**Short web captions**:
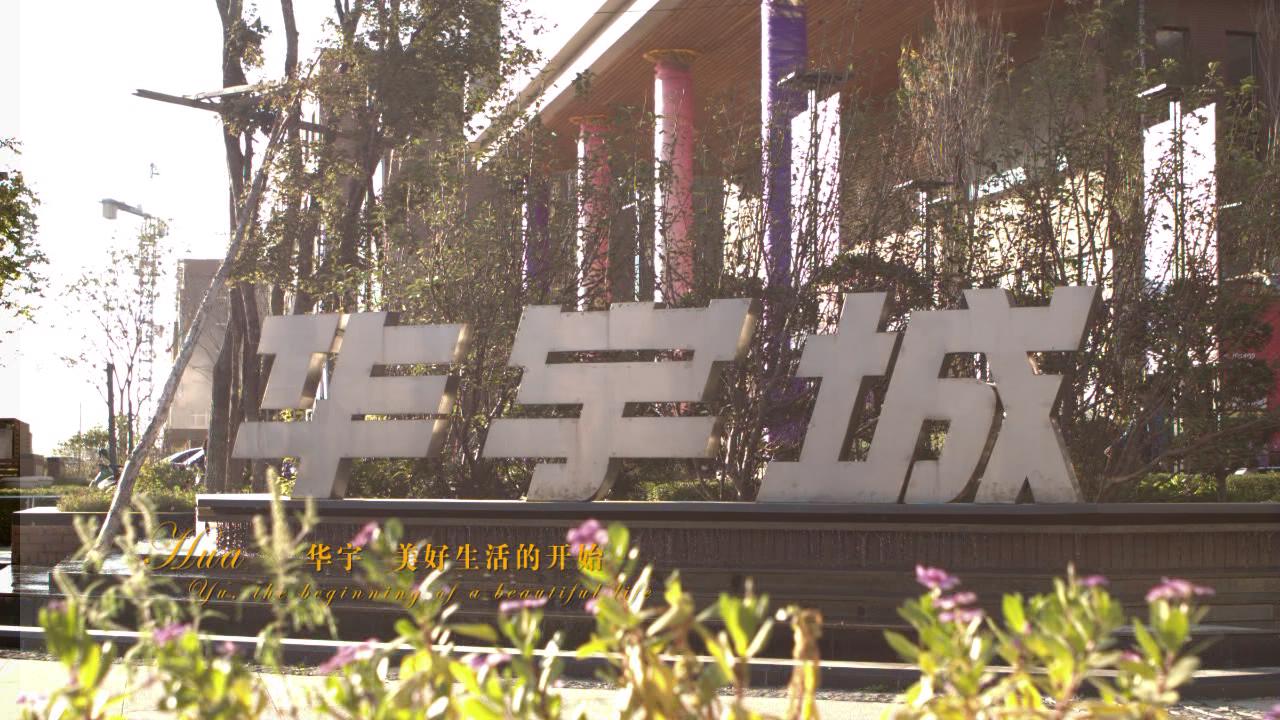&#21326;&#20307;&#20250;&#20307;&#32946;&#40;&#20013;&#22269;&#41;
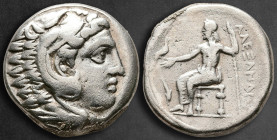Kings of Macedon. Amphipolis. Alexander III "the Great" 336-323 BC. Tetradrachm AR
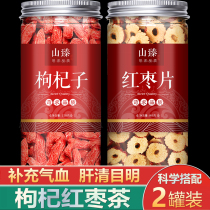 Chinese wolfberry red jujube tea qi and blood female Qi double Nourishing Body tea woman conditioning male kidney long nourishing Qi and nourishing blood health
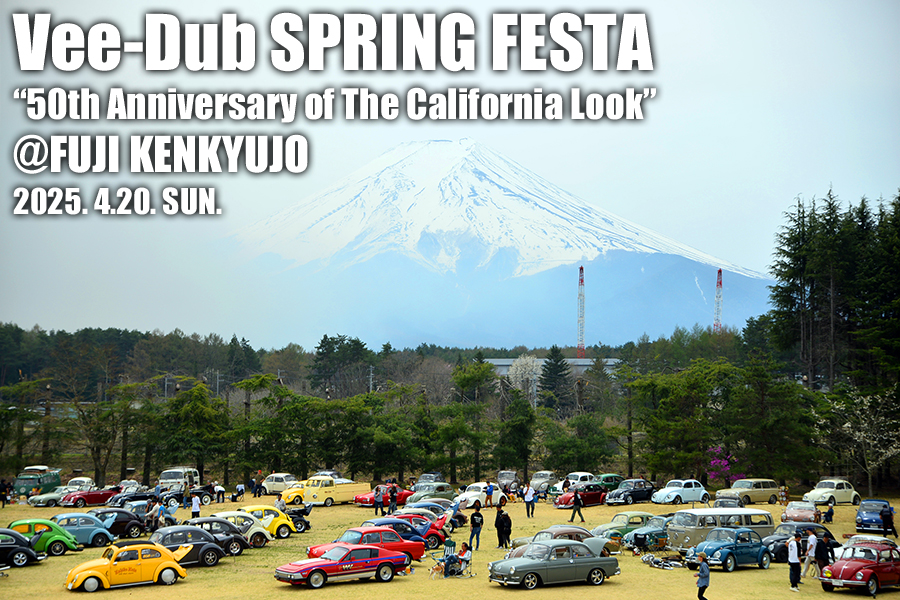 イベントレポート「Vee-Dub SPRING FESTA -“50th Anniversary of The California Look”-」page-visual イベントレポート「Vee-Dub SPRING FESTA -“50th Anniversary of The California Look”-」ビジュアル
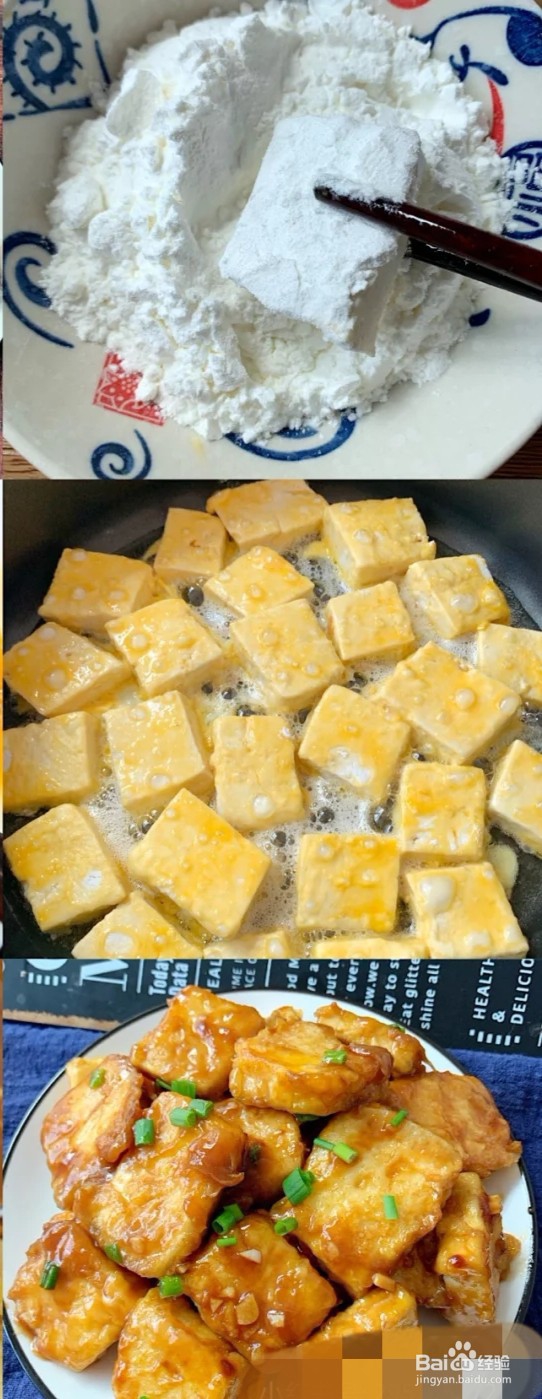 蚝油豆腐的做法
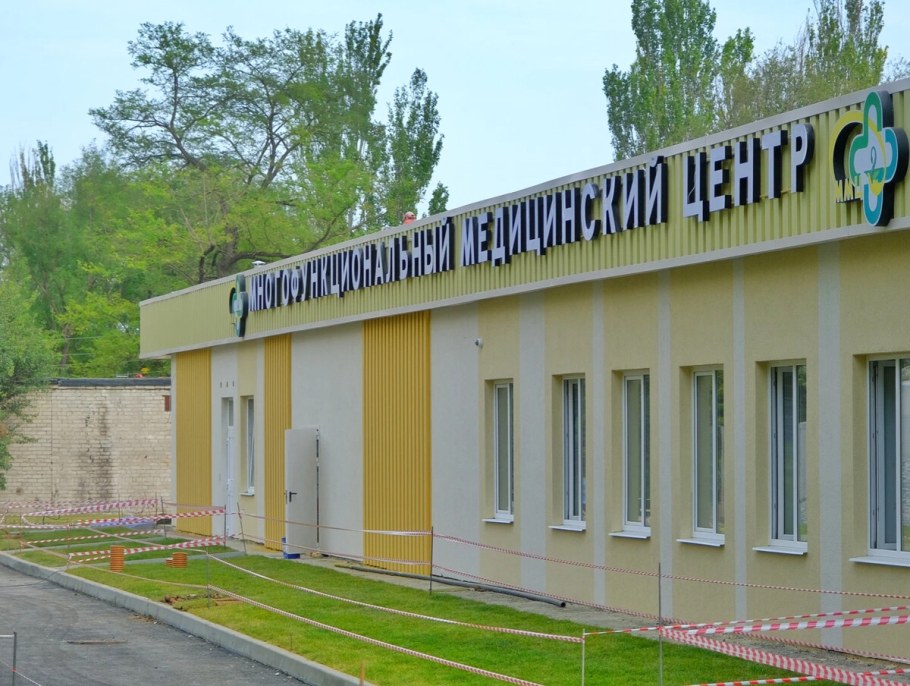 Новая больница в Мариуполе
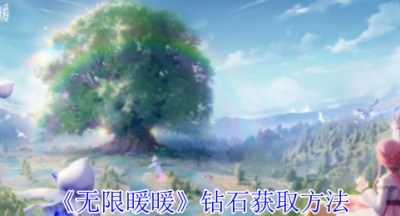 无限暖暖钻石怎么获得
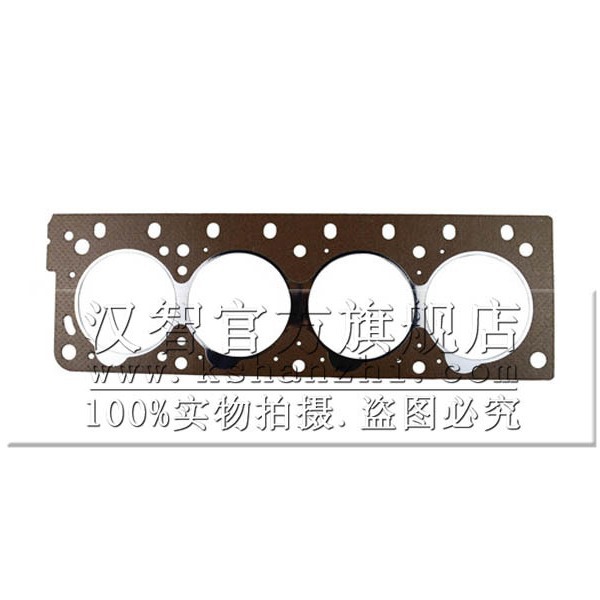 Lecho de cilindro 11044 - FU400 cilindro de cilindro 11044-55K00 para Nissan TD27 / 42 K21 / 25 H15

**Problem to work on**:
All of the data above should be transcribed verbatim, with pictures omitted.

**Solution**:
&#21326;&#20307;&#20250;&#20307;&#32946;&#40;&#20013;&#22269;&#41;
Kings of Macedon. Amphipolis. Alexander III "the Great" 336-323 BC. Tetradrachm AR
 Chinese wolfberry red jujube tea qi and blood female Qi double Nourishing Body tea woman conditioning male kidney long nourishing Qi and nourishing blood health
 イベントレポート「Vee-Dub SPRING FESTA -“50th Anniversary of The California Look”-」page-visual イベントレポート「Vee-Dub SPRING FESTA -“50th Anniversary of The California Look”-」ビジュアル
 蚝油豆腐的做法
 Новая больница в Мариуполе
 无限暖暖钻石怎么获得
 Lecho de cilindro 11044 - FU400 cilindro de cilindro 11044-55K00 para Nissan TD27 / 42 K21 / 25 H15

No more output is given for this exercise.